Pourquoi, l'APE ne proposerait-elle pas par respect pour les revenus patrimoniaux de l'Etat, de :
- pousser la structure à externaliser et sous-traiter les opérations les moins rentables y compris par des équipes issues de pays à bas coût, quitte à faire assurer l'encadrement par des opérationnels français.
- proposer de réserver sur les chantiers hexagonaux le maintien des réalisations à forte valeur ajoutée (sur le modèle allemand), ainsi que les finitions, afin de maintenir localement les savoir-faire.
- s'intéresser à la dynamisation des carnets de commande en proposant des co-financements "maison".

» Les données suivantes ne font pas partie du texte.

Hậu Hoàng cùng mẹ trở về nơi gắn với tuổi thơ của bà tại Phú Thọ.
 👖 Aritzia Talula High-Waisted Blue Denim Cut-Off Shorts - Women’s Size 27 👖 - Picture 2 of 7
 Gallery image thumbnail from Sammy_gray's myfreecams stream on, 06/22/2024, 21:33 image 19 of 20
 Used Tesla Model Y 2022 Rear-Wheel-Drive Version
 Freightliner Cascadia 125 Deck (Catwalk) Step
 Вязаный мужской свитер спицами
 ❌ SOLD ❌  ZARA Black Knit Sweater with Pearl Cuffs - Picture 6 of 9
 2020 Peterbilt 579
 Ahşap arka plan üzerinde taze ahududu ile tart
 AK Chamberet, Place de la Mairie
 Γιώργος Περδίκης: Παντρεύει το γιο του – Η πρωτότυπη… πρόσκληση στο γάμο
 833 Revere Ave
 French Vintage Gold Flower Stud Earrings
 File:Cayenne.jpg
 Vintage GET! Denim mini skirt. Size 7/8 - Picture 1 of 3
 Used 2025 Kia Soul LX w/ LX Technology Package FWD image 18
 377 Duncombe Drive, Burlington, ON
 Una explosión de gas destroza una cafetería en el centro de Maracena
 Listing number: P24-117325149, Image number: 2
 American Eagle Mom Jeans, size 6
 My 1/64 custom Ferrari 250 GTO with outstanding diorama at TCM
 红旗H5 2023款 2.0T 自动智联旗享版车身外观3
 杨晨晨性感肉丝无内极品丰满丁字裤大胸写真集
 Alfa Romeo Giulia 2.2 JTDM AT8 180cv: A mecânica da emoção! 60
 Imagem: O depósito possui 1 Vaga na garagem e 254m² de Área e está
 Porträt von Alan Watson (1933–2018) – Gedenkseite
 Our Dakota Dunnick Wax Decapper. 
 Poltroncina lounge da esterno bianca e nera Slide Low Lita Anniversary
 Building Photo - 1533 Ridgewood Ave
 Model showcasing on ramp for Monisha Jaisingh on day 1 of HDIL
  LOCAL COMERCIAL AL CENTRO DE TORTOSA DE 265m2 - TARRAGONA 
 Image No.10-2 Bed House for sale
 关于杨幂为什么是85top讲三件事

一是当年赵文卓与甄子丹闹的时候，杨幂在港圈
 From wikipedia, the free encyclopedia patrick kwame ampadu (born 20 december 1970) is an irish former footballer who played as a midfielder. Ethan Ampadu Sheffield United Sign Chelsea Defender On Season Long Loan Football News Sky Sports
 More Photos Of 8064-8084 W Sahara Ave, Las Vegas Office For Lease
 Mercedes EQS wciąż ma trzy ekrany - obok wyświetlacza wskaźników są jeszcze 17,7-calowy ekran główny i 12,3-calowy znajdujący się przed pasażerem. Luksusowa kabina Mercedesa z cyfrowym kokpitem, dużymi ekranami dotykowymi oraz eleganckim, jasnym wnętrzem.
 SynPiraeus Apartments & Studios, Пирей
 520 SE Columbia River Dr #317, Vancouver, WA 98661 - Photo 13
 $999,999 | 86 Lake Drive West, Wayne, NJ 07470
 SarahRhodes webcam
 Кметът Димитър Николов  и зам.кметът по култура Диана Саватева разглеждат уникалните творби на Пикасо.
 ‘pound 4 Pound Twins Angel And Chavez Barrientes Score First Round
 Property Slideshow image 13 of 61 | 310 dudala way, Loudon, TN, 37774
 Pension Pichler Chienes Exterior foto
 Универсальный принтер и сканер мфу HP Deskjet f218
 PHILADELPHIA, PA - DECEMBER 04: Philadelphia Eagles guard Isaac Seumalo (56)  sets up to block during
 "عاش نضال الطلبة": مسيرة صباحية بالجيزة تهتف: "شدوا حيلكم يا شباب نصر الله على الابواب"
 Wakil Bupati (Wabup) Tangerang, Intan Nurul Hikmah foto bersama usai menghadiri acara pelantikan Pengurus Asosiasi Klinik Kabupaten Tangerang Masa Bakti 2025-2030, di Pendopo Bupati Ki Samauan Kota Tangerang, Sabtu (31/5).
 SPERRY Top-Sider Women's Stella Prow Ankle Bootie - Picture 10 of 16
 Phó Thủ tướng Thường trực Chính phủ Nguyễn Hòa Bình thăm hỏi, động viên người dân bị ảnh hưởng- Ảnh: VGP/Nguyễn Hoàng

Il s'agirait alors de mettre en place une stratégie qui tiendrait davantage du fonds souverain que de l'investisseur institutionnel classique. Mais précisément c'est sans doute cette approche qui permettrait de rompre avec les montages industriels incertains et les arbitrages politiquement rentables mais économiquement douteux.

Comment des entreprises aussi importantes peuvent-elles valoir aussi peu ?

Cette question est posée régulièrement, par exemple à propos d'Air France-KLM : sa capitalisation d'environ 2 milliards d'euros ne représente même pas la moitié du prix des huit Airbus A380 qu'elle possède. Trois raisons :

  • La plus évidente, la dette : les entreprises peuvent avoir des dettes à mettre en regard de leurs actifs. La dette d'Air France-KLM est de 6 milliards d'euros.
  • La plus extrême, le coût de la fermeture : en cas de fermeture de l'entreprise, les coûts de liquidation sont considérables. Pour Air France par exemple, licencier 100.000 salariés pourrait coûter environ 10 milliards d'euros.
  • La plus fréquente, leur capacité à générer des pertes : au premier trimestre 2013, la perte d'exploitation d'Air France a été de 530 millions d'euros. Une entreprise de cette taille peut subir en peu d'années des pertes de plusieurs milliards qui dépassent de loin la valeur de ses actifs.

Note : le cas d'Air France, dont les données financières sont publiques, est cité ici à titre d'exemple mais n'implique aucun jugement sur Air France-KLM où un vigoureux plan de restructuration et de relance a été mis en place.